Exercise goal: Using the data below, transcribe exactly everything from the line that contains "День ярких красок." down to the line that contains "house with 14 bedroom, Boston MA ES105418225". Include both of those lines and none of the pictures.

Given entries:

--

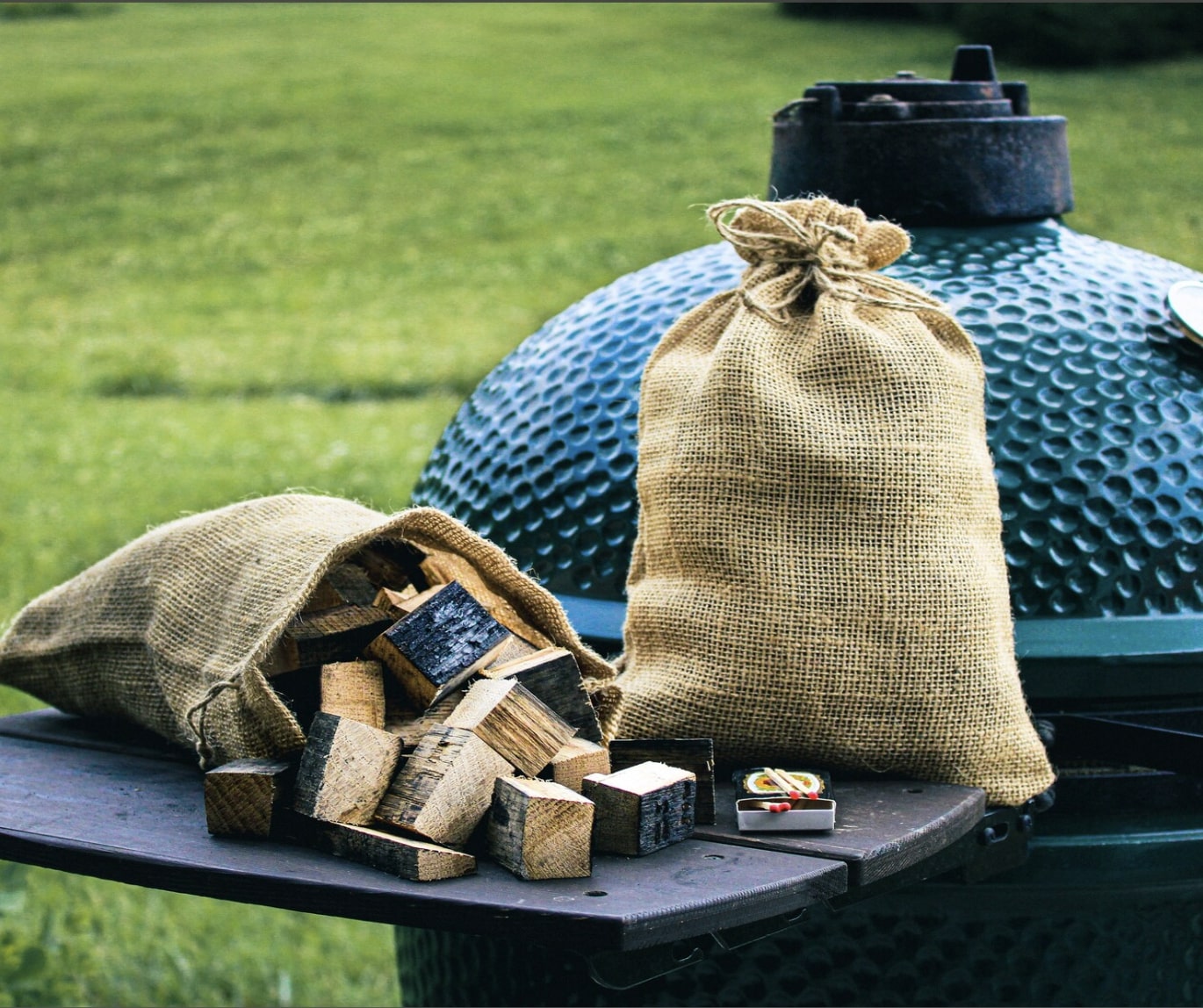 https://storage.googleapis.com/loveable.appspot.com/blog/uploads/2023/07/31124337/Whiskey-Barrel-Smoker-Chips.jpg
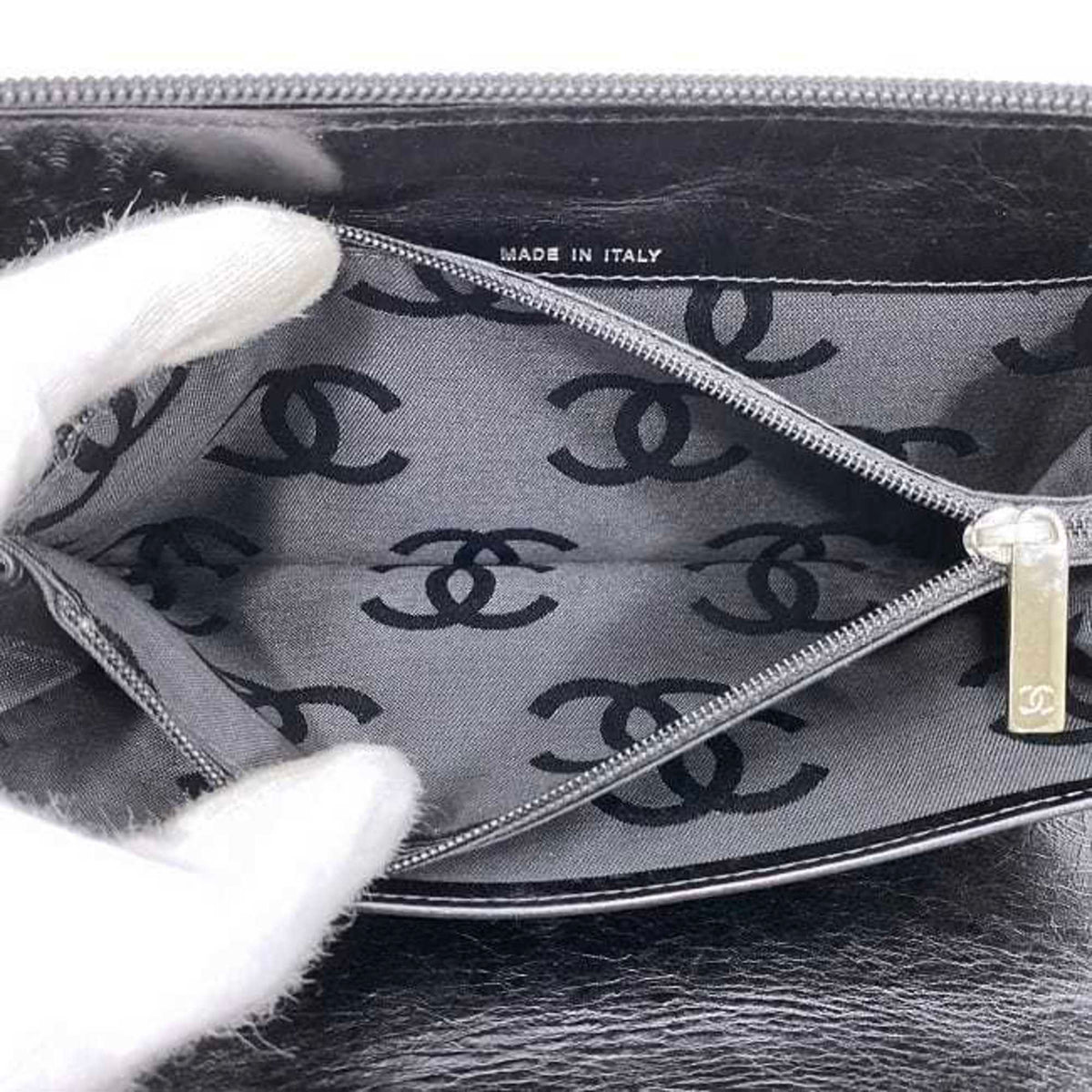 Chanel Black Leather Long Wallet (Bi-Fold) (Pre-Owned)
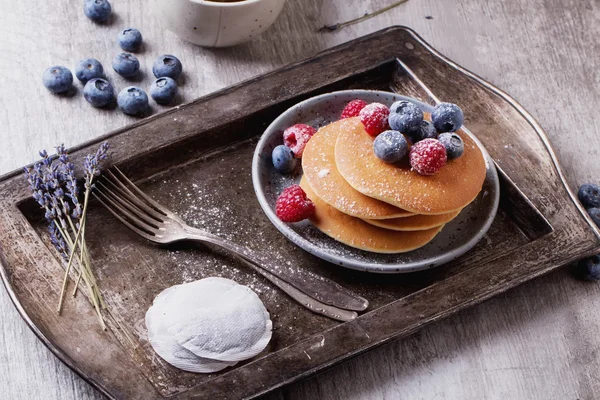 Pancakes with Berries and tea — Stock Photo, Image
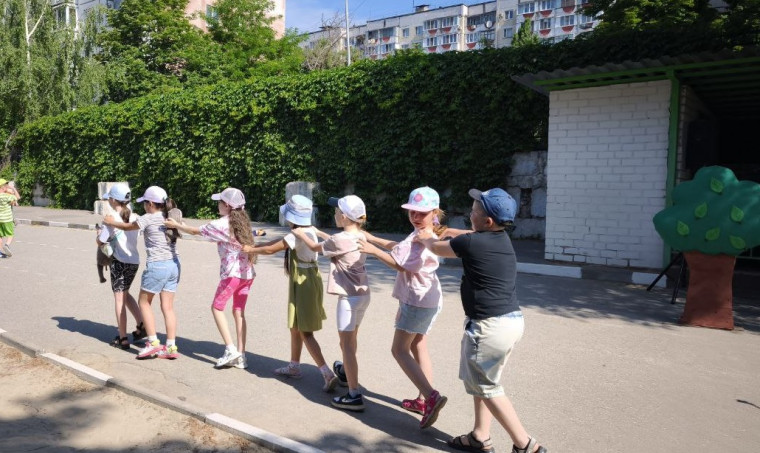 День ярких красок.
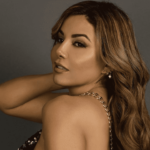 Aleida Nunez loses the pose and shows a little outfit that falls in love.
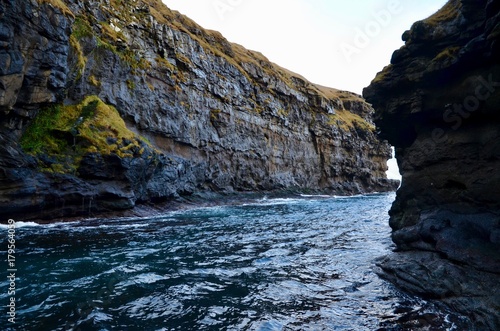 フェロー諸島 Faroe Islands エストゥロイ島 エストロイ島 Eysturoy Island ギョグ Gjógv © Enken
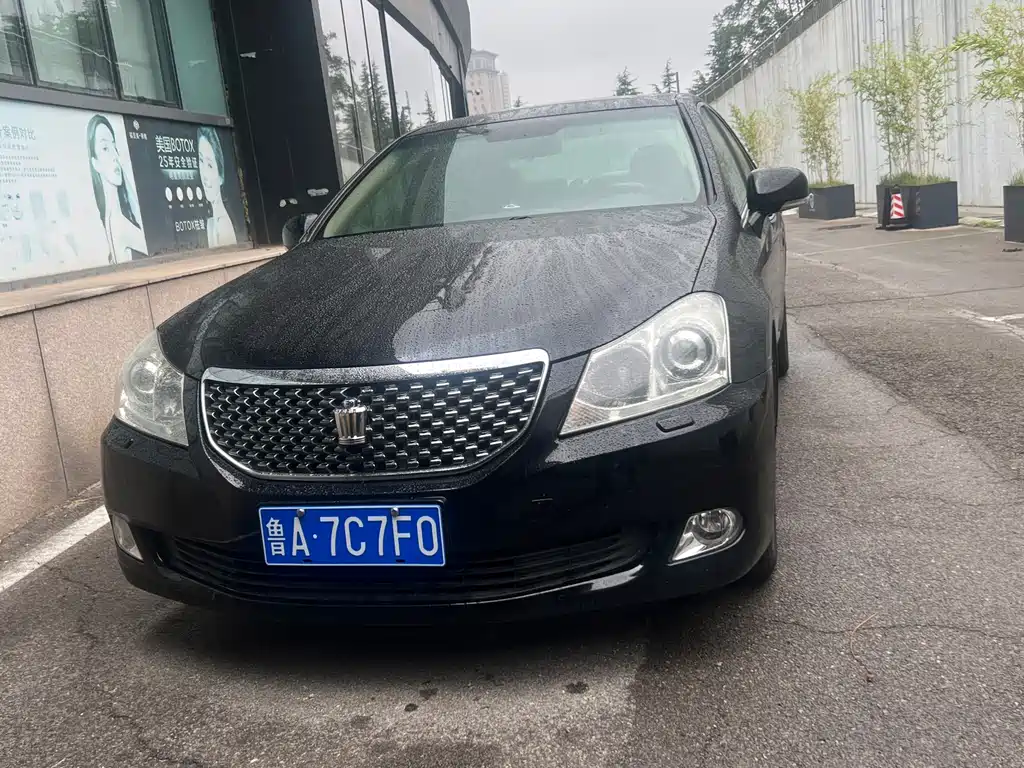 Toyota Crown 2010 3.0L Royal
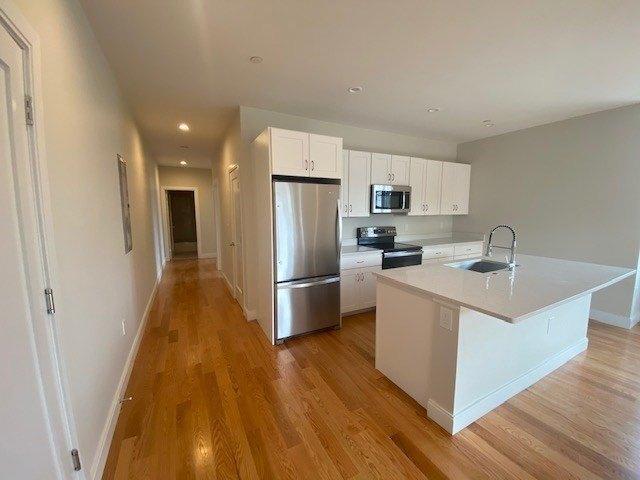 house with 14 bedroom, Boston MA ES105418225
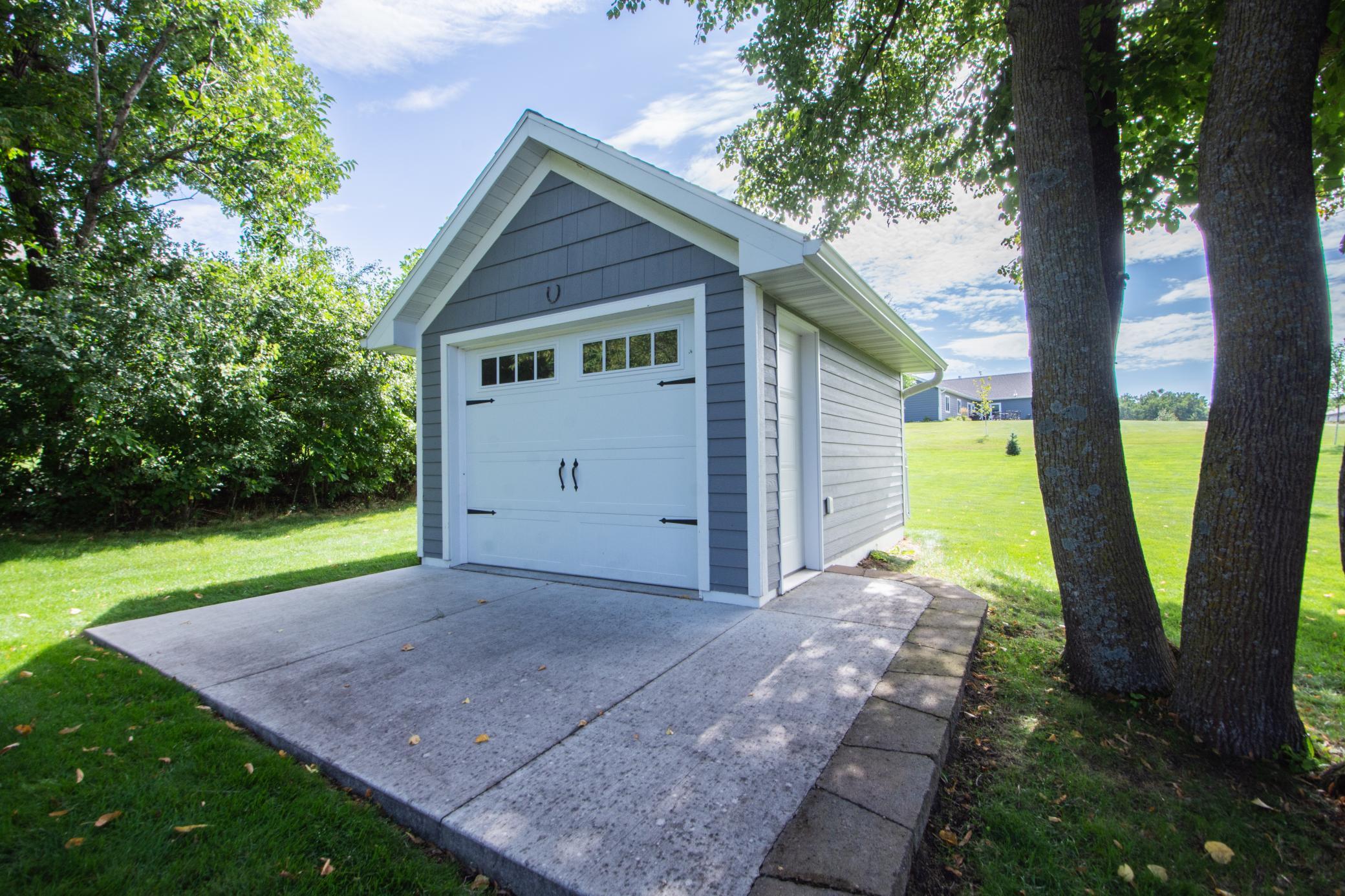 2018 single family home for sale at 1853 Aspen Drive in Detroit Lakes, MN — 3 bed, 2 bath (photo 53 of 58)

--

Answer for the task:
 День ярких красок.
 Aleida Nunez loses the pose and shows a little outfit that falls in love.
 フェロー諸島 Faroe Islands エストゥロイ島 エストロイ島 Eysturoy Island ギョグ Gjógv © Enken
 Toyota Crown 2010 3.0L Royal
 house with 14 bedroom, Boston MA ES105418225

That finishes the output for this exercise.